La période entre 1933 et 1945 marque un chapitre sombre et complexe. La Maison Siemens s’est considérablement développée sous le Troisième Reich. Les usines fonctionnèrent à pleine capacité pendant la Seconde Guerre mondiale. En 1943 et 1944, les installations furent dispersées à travers le pays pour échapper aux frappes aériennes alliées. À la fin de la guerre, le coût humain est devenu un calcul légal. Hermann von Siemens, le chef du groupe, a été interné de 1946 à 1948. Les responsables de Siemens ont été accusés de recruter et d’employer de la main-d’œuvre esclave provenant de pays captifs. Ils furent également impliqués dans la construction et le fonctionnement du camp d’extermination d’Auschwitz et du camp de concentration de Buchenwald.
Le bilan physique a été lourd. Environ 90 pour cent des usines et équipements de l’entreprise situés dans la zone allemande occupée par les Soviétiques ont été expropriés. Les puissances occidentales ont supprimé et détruit des installations supplémentaires. La trajectoire n’a changé que lorsque la guerre froide a suscité un intérêt stratégique dans la reconstruction économique de l’Allemagne de l’Ouest.
La reconstruction a commencé à partir d’une base ouest-allemande dans les années 1950. L’entreprise a progressivement regagné sa part des marchés électriques européens et étrangers. Dans les années 1960, elle était redevenue l’une des plus grandes entreprises électriques du monde.

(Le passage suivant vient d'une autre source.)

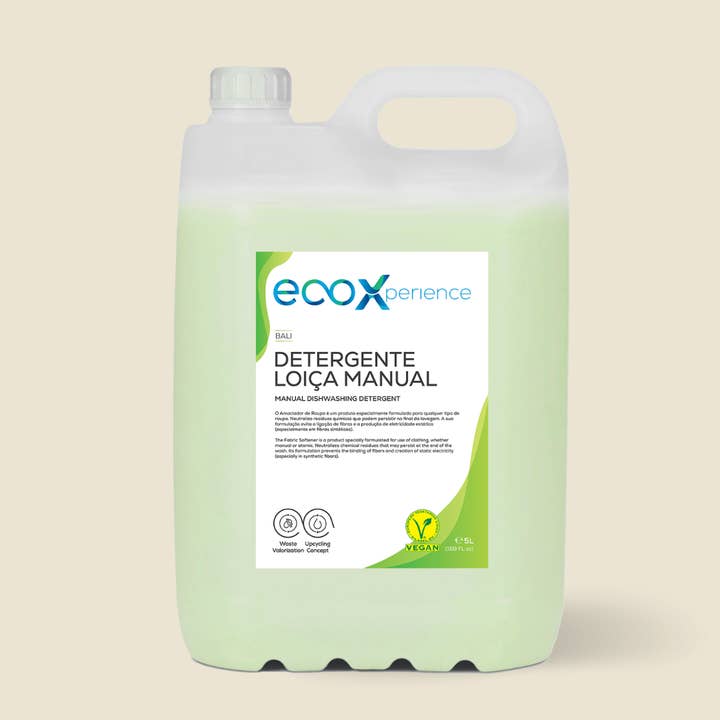 Ecoxperience - Wholesale Dish Soap - Bali Dishwashing Detergent 5L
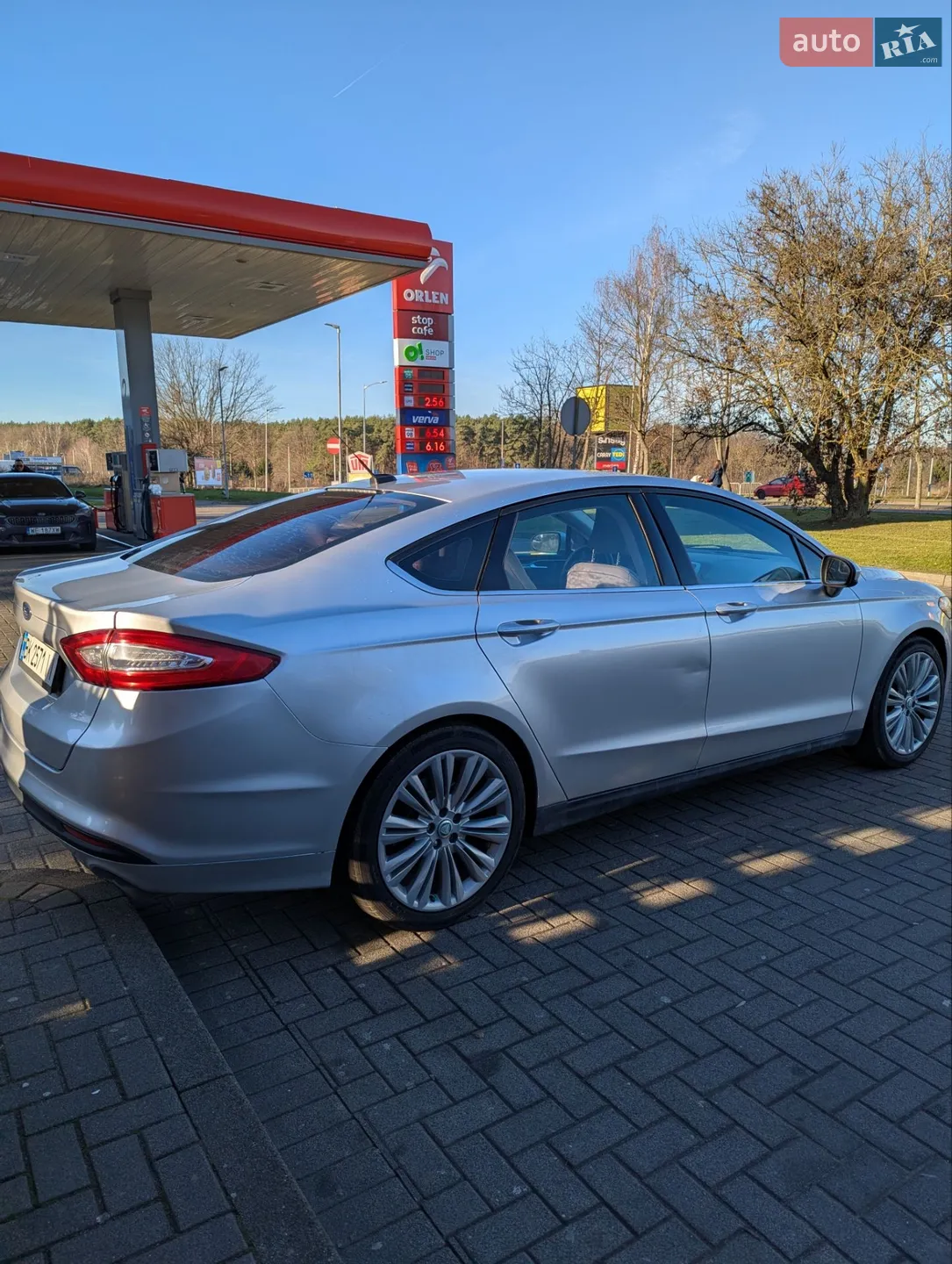2016 Ford Fusion - мініатюра 3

La fusion en 1966 avec Siemens AG a consolidé ces parties disparates. La nouvelle entité a continué à se développer à l’échelle mondiale tout au long du 20e siècle. Au début du 21e siècle, la gamme de produits était incroyablement large. Il comprenait des systèmes d’imagerie diagnostique, des téléphones portables et des appareils auditifs. Il couvrait également les systèmes de transport en commun, les radars d’aérodrome et les équipements de production d’électricité. L’entreprise a même conçu, construit et exploité des réseaux de télécommunications.

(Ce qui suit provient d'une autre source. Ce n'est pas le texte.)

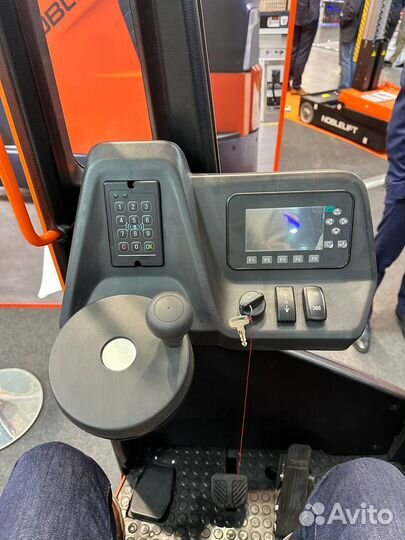 Ричтрак 1,6 тонны 7 метров noblelift RT16Li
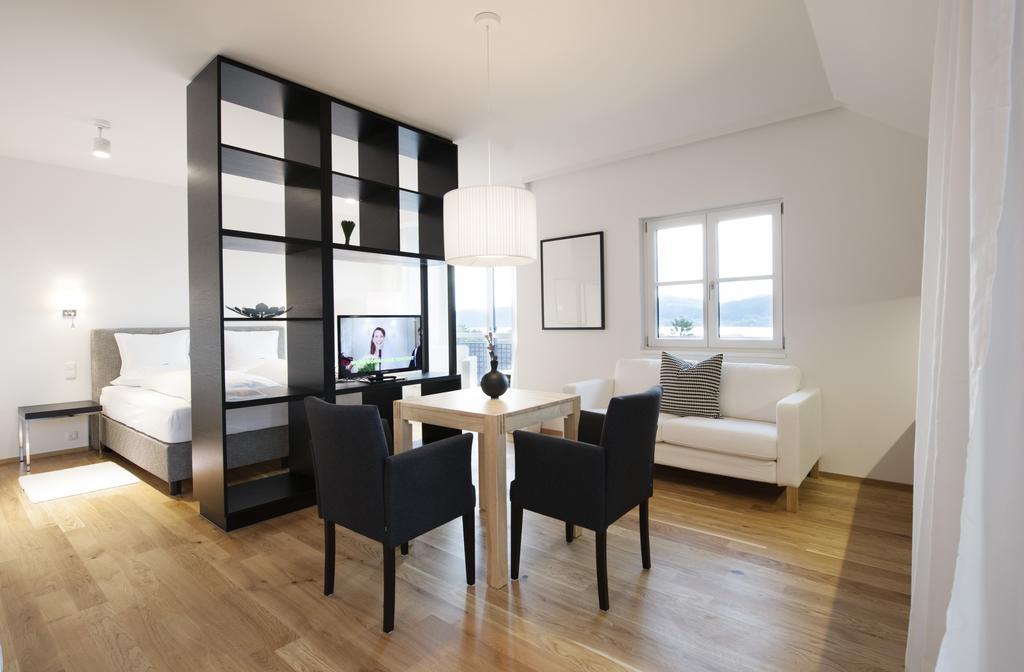 Boutique Hotel Aichinger Nussdorf am Attersee Room photo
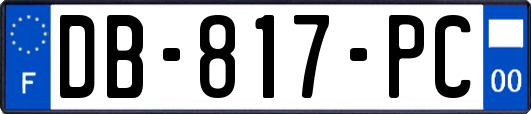 DB-817-PC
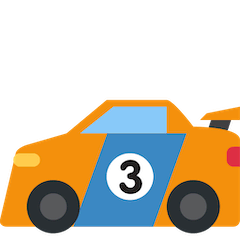 🏎️ Racing Car Emoji on Twitter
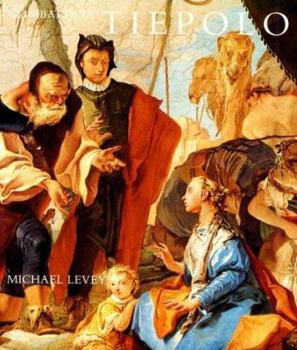 Paperback Giambattista Tiepolo: His Life and Art Book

Aujourd’hui, Siemens compte parmi les plus grands détenteurs de brevets au monde. De lourds investissements dans la recherche et le développement sont à l’origine de cette production. La fusion qui a donné naissance à la société moderne n’était pas qu’une simple mesure administrative. C’était une consolidation d’un siècle d’évolution technologique. L’héritage comprend à la fois une innovation révolutionnaire et une sérieuse responsabilité historique. L’équilibre entre ces deux réalités définit l’identité actuelle de l’entreprise.